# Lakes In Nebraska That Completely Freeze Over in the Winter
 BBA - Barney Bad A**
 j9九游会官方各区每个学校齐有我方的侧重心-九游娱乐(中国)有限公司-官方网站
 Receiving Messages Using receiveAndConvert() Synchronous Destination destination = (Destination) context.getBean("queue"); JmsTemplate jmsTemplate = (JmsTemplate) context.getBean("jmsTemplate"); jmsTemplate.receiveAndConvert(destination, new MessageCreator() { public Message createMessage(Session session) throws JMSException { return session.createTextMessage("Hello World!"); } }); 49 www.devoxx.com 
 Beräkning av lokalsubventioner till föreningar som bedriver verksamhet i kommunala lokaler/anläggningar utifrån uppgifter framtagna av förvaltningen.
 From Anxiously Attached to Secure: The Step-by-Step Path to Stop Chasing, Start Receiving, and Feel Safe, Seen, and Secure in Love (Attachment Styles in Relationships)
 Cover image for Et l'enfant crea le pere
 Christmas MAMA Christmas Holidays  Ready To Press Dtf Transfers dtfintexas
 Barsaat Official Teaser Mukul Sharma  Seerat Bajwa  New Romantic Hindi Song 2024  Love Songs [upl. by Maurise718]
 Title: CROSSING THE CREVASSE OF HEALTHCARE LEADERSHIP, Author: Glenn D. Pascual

■ ■ ■

◆ **What is being asked**
Your reply is to be the number of lines above in which the word "Love" appears, and nothing else.

◆ **Expected answer**
2